The following paragraphs will first discuss the ‘single’ token passing policy and then ‘queue’, because it is straight forward for the former and a little more involved for the later. The function signatures for both policies remain the same as with automatic token memory management. Depending whether the received token is of interest, the token inside the analyzer can be switched with the new token. This can be done by the functions

void              token_p_set(QUEX_TYPE_TOKEN*);

The first function only sets a new token. The currently set token pointer is overwritten.
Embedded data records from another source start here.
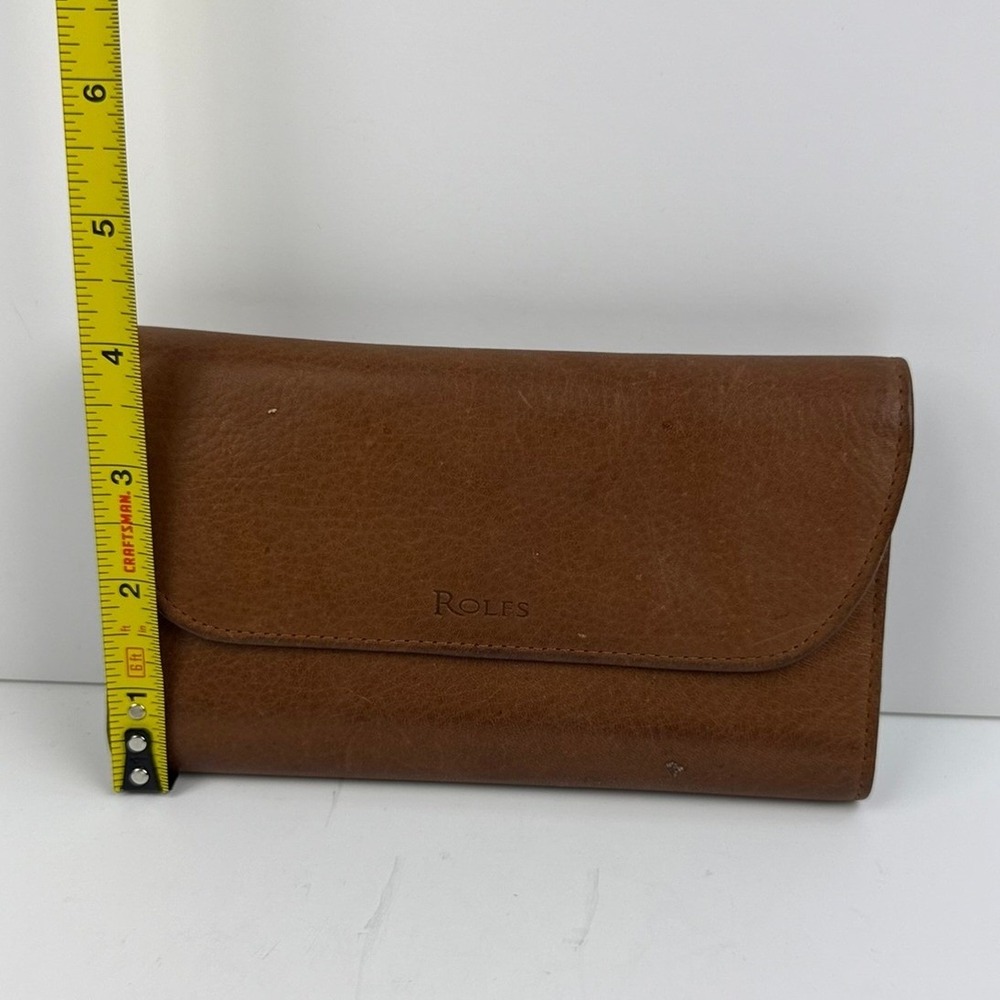 Rolfs Vintage Cognac Brown Leather Trifold Clutch Wallet - Picture 4 of 5
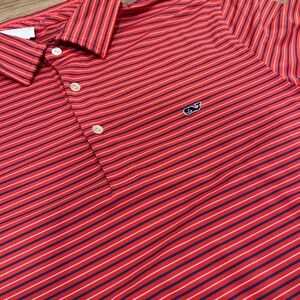 Vineyard Vines Men's Polo in Red and Blue Stripes
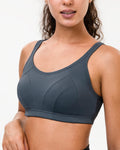 Luvrobes Women's Sports Bra Racerback Adjustable Straps Grey Size M by Deal US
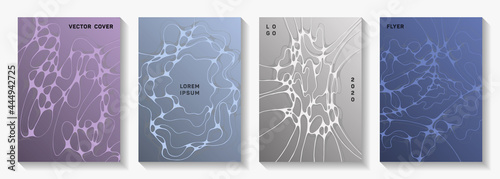 Premium disco party posters. Curly curve lines torrent textures. Abstract title page vector templates. Electronic music party posters set fluid wavy graphic design.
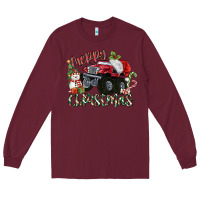 Burgundy Merry Christmas Monster Truck Long Sleeve Tee - MaliasSmallBusiness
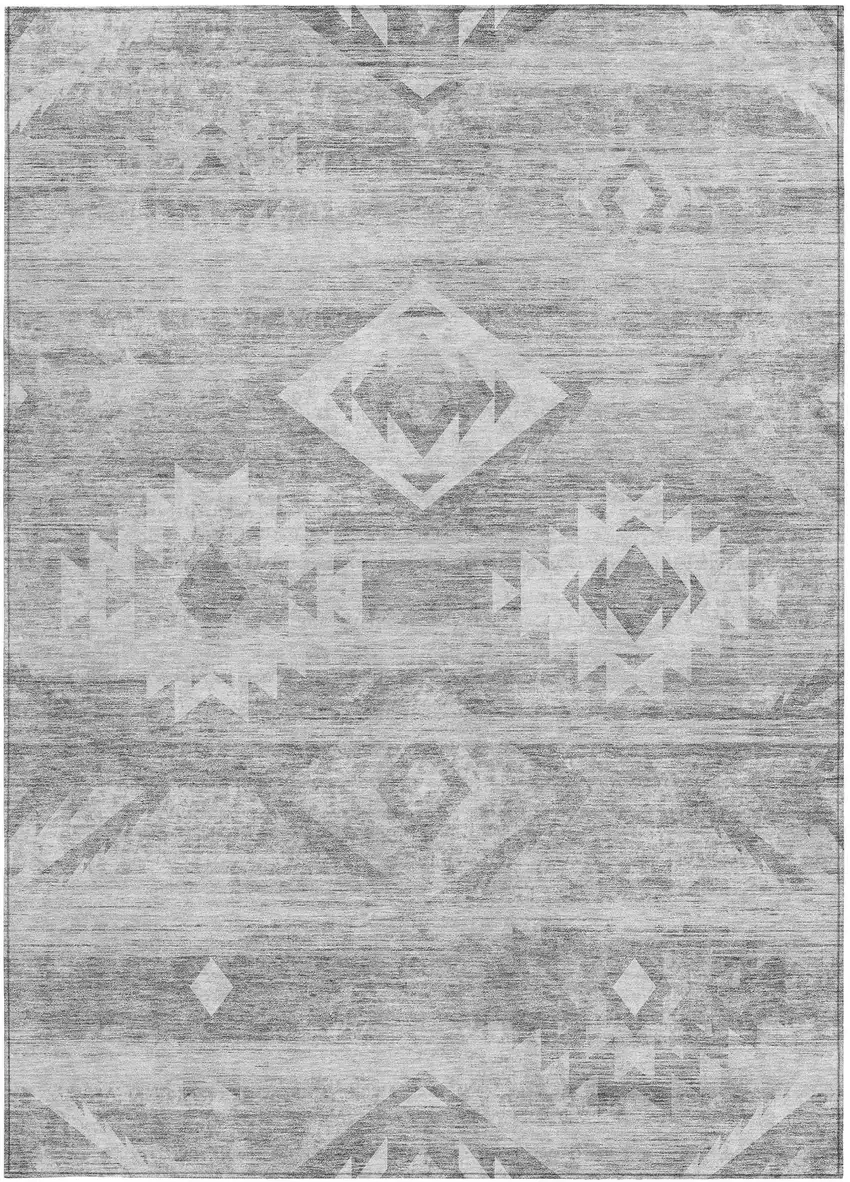 Silver Gray And Charcoal Southwestern Washable Indoor Outdoor Area Rug Photo 7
This is dangerous, since one might loose the reference to an allocated object. To avoid this the current token pointer can be read out using

QUEX_TYPE_TOKEN*  token_p();

To do the read-out and set operation in one step the function

QUEX_TYPE_TOKEN*  token_p_swap(QUEX_TYPE_TOKEN*);

is provided. It returns the a pointer to the currently set token inside the analyzer and sets the token pointer to what is provided as a second argument. It must point to a constructed, token object. A typical code fragment for this scenerio looks like

QUEX_TYPE_TOKEN  token_bank[2];
QUEX_TYPE_TOKEN* token_p = &token_bank[1];
...
lexer.set_token_p(&token_bank[0]);
...
while( analysis ) {
    /* call to receive(...) switches token pointer */
    token_id = lexer.receive();
    ...
    if( content_is_important_f ) {
        store_away(lexer.token_p_swap(get_new_token());
    }
}

The idea of ‘switching the thing on which the analyzer writes’ can also be applied to the ‘queue’ token passing policy. The user provides a chunk of allocated and constructed tokens. The receive function fills this token queue during the call to receive. If the token queue is of interest, it can be taken out and the lexer gets a new, ready-to-rumble token queue. This actions can be take by means of the functions

void  token_queue_get(QUEX_TYPE_TOKEN** begin, size_t* size);
void  token_queue_set(QUEX_TYPE_TOKEN* Begin, size_t Size);
void  token_queue_swap(QUEX_TYPE_TOKEN** queue,
                         size_t*           size);

The following code fragment displays a sample application of this approach:

QUEX_TYPE_TOKEN*  iterator   = 0x0;
QUEX_TYPE_TOKEN*  queue      = 0x0;
size_t            queue_size = (size_t)16;
...
queue = get_new_token_queue(queue_size);
qlex.token_queue_set(queue, queue_size);
...
while( analysis ) {
    iterator    = qlex.receive();
    /* consider the first token, the remainder is in the queue.
    ...
    qlex.token_queue_swap(&queue);

    /* Manual iteration over received token queue */
    for(iterator = queue; iterator != queue_watermark ; ++iterator) {
        ...
        if( content_is_important_f ) {
            store_away(iterator);
        }
    }
}

Token Construction and Destruction

As mentioned for user token memory management, the user owns the token’s memory and is responsible for construction and destruction. In C++ construction and destruction happen implicitly, when on calls the new and delete operator, or if one defines a local variable and this variable runs out of scope, e.g.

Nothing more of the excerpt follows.